_SUPPLIED MATERIAL_:

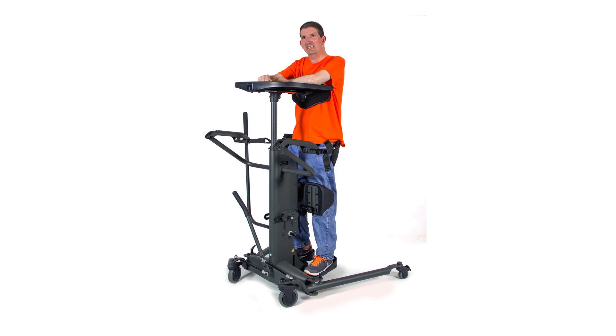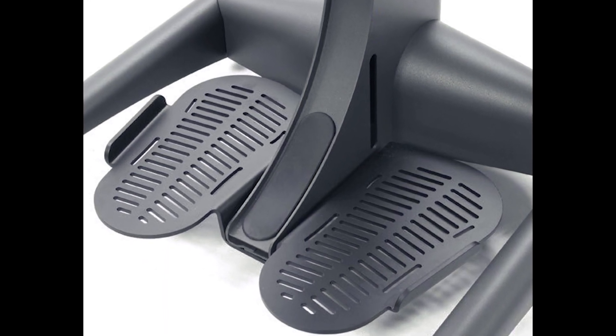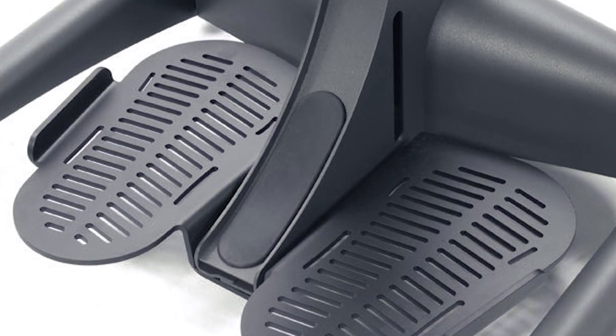Because they allow independent height adjustment, they are recommended for users over 5'10". The extra-large footplate accommodates larger feet, recommended for very large individuals nearing the weight capacity of 350 lbs.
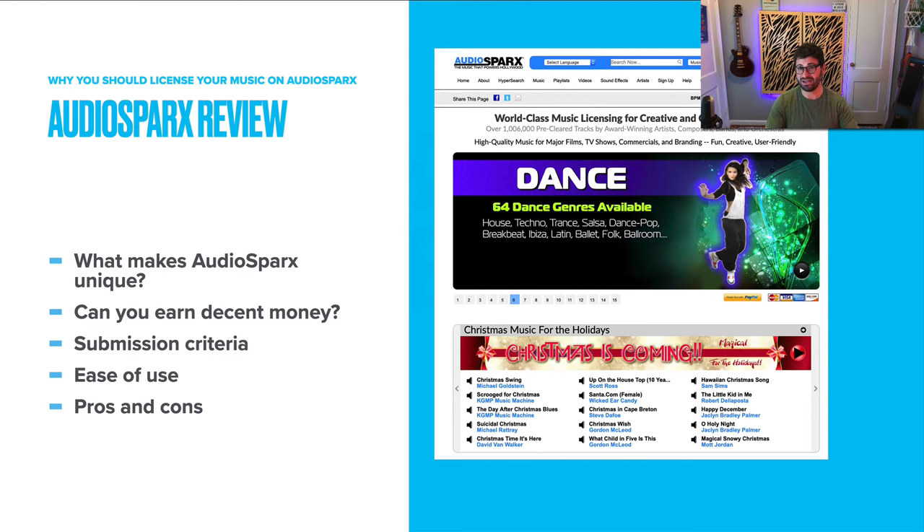You'll notice this is AudioSparks' homepage — it looks dated, very dated. They need a new graphic designer. But on the back end, AudioSparks is actually pretty smooth. They just upgraded a lot of their hardware. One of the things that does make AudioSparks unique is its look, which definitely is more early 2000s than 2021.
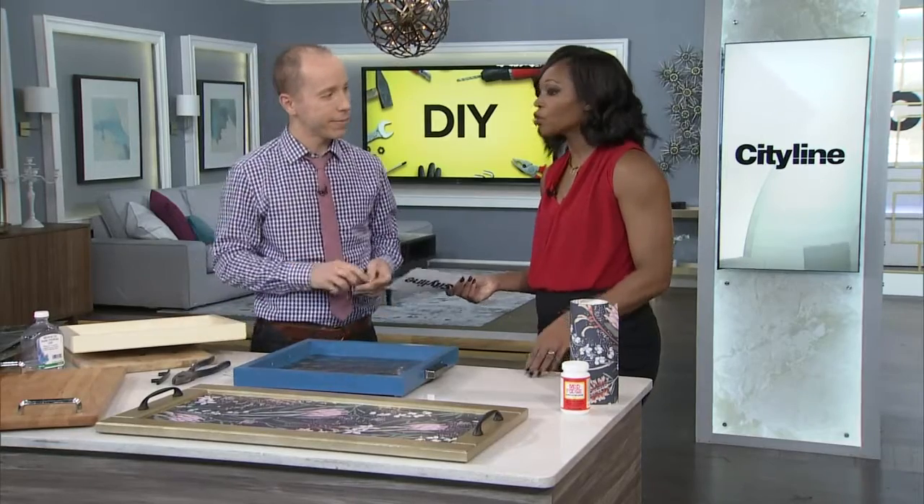We're putting all of the instructions for Antonio's projects on our website, Cityline.ca. They're so good. We'll be right back.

_WHAT IS EXPECTED_:
The answer should match the data above word for word, with no pictures in it.

_OUTPUT_:
Because they allow independent height adjustment, they are recommended for users over 5'10". The extra-large footplate accommodates larger feet, recommended for very large individuals nearing the weight capacity of 350 lbs.
You'll notice this is AudioSparks' homepage — it looks dated, very dated. They need a new graphic designer. But on the back end, AudioSparks is actually pretty smooth. They just upgraded a lot of their hardware. One of the things that does make AudioSparks unique is its look, which definitely is more early 2000s than 2021.
We're putting all of the instructions for Antonio's projects on our website, Cityline.ca. They're so good. We'll be right back.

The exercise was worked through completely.